OpenAQ¶
OpenAQ is a global open data platform that aggregates air quality data from government agencies, research institutions, and other sources worldwide.
Overview¶
- Coverage: 100+ countries
- Data sources: Government monitors, research stations, low-cost sensors
- Data quality: Varies by source (reference-grade to indicative)
- API key: Required
Getting an API Key¶
- Go to OpenAQ Explorer
- Create a free account
- Find your API key in account settings
- Set the environment variable:
Finding Sites¶
OpenAQ aggregates data from many sources, so site discovery is important.
find_sites("OPENAQ", country=…) auto-paginates through the SDK to return all matching locations (up to a 50-page / ~50 000-site safety cap, which fires a warning rather than truncating). Korea, India, etc. return 700+ sites in a single call without truncation. Pass limit=N to cap the total when you only want a sample.
import aeolus
# All Korean stations (~765 — auto-paginated)
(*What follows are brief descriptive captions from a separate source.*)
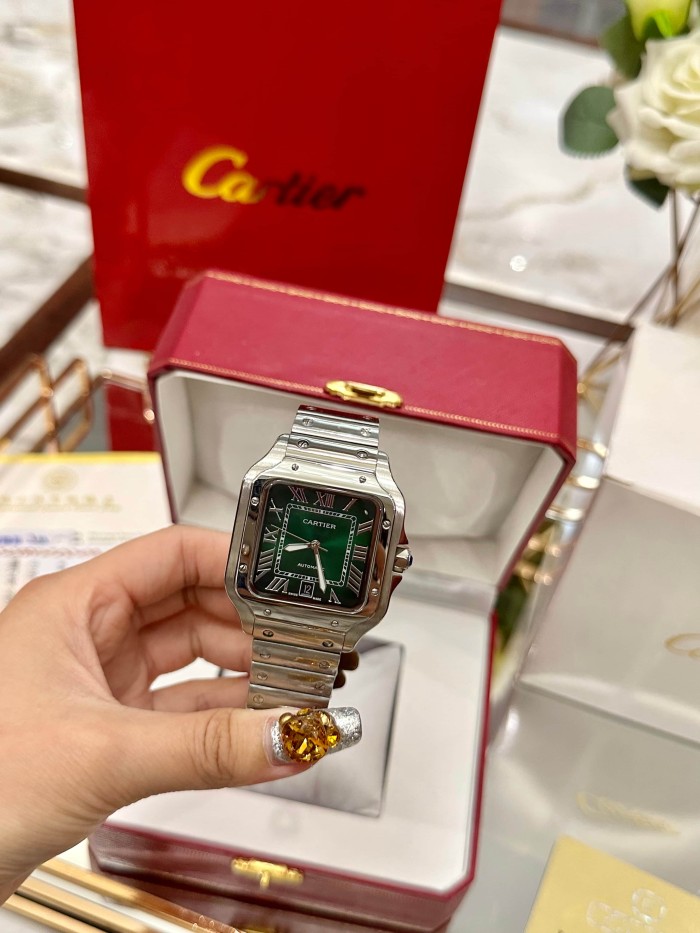 Green Dial and Mechanical Movement Santos Watch【Dial diameter：42mm 】28764929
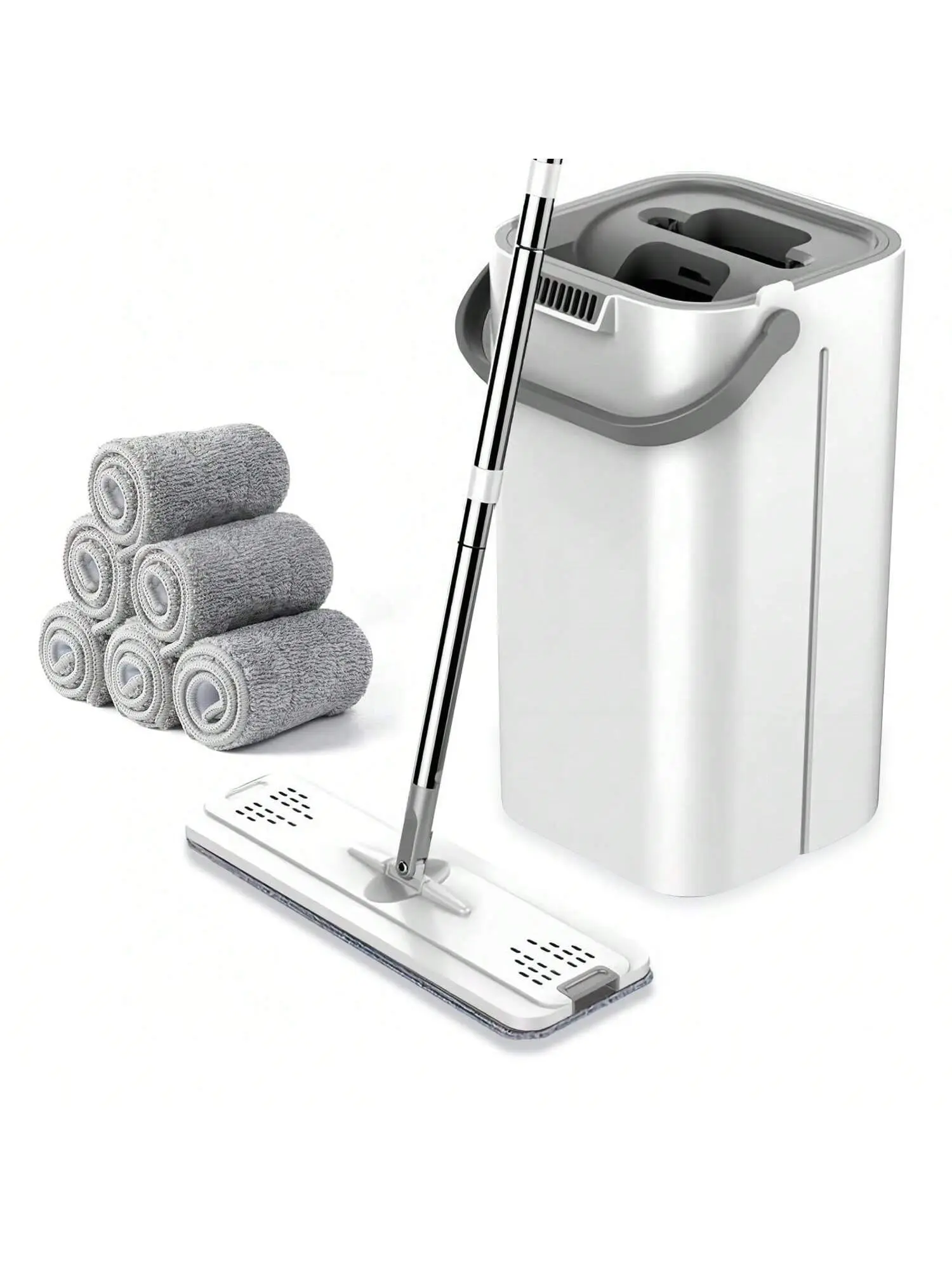 2026 Newly Upgraded Mop and Bucket Set — Thickened Mop Handle and Mop Pad Fabric, Wet and Dry Separation System for Easy Floor Cleaning, Rebound Mop Head Design, Ideal for Bathrooms and Living Rooms, Perfect Gift for Women.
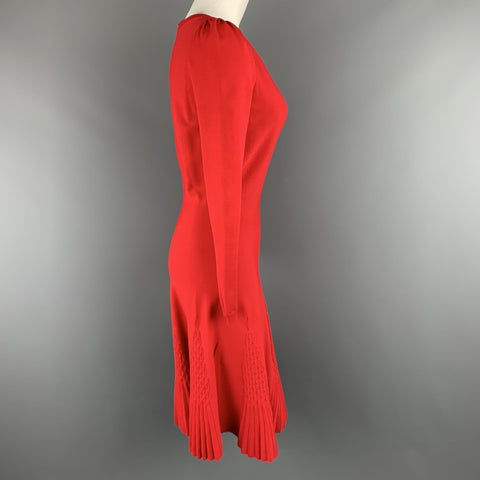VALENTINO Vestido de falda de vuelo plisado de manga larga de punto rojo talla S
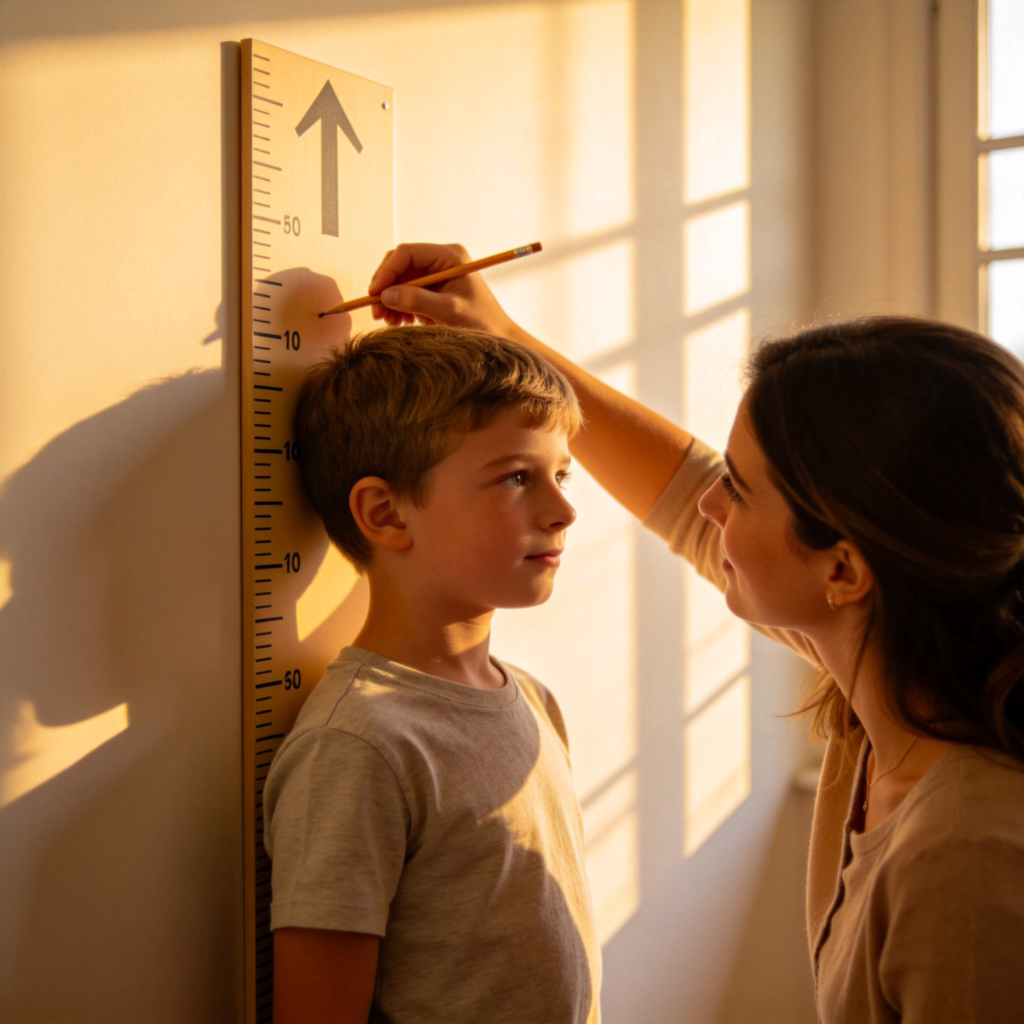A young boy standing with his back against a height chart on a wall. His mother is marking his new height with a pencil. The chart shows upward arrows and measurements, emphasizing growth in height. Soft, natural light from a window, focus on the boy and the chart. Simple, clean background. No text.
kr_sites = aeolus.portals.find_sites("OPENAQ", country="KR")
# Limit to the first 50 if you just want a sample
sample = aeolus.portals.find_sites("OPENAQ", country="GB", limit=50)
# Reference monitors only (regulatory-grade), excluding low-cost sensors
monitors = aeolus.portals.find_sites("OPENAQ", country="GB", monitor=True)
# Or low-cost sensors only
sensors = aeolus.portals.find_sites("OPENAQ", country="GB", monitor=False)
# Search within a bounding box
# bbox format: (min_lon, min_lat, max_lon, max_lat) — same as GeoJSON/shapely
london_sites = aeolus.portals.find_sites(
"OPENAQ",
bbox=(-0.51, 51.28, 0.34, 51.69),
)
The country= parameter accepts ISO 3166 alpha-2 codes. iso= and countries= are also accepted as aliases (the latter matches the multi-source find_sites(countries=...) convention); passing more than one of the three raises ValueError so typos surface.
Downloading Data¶
Use portals.download() with site codes:
import aeolus
from datetime import datetime
# Get site codes from find_sites
locations = aeolus.portals.find_sites("OPENAQ", country="GB")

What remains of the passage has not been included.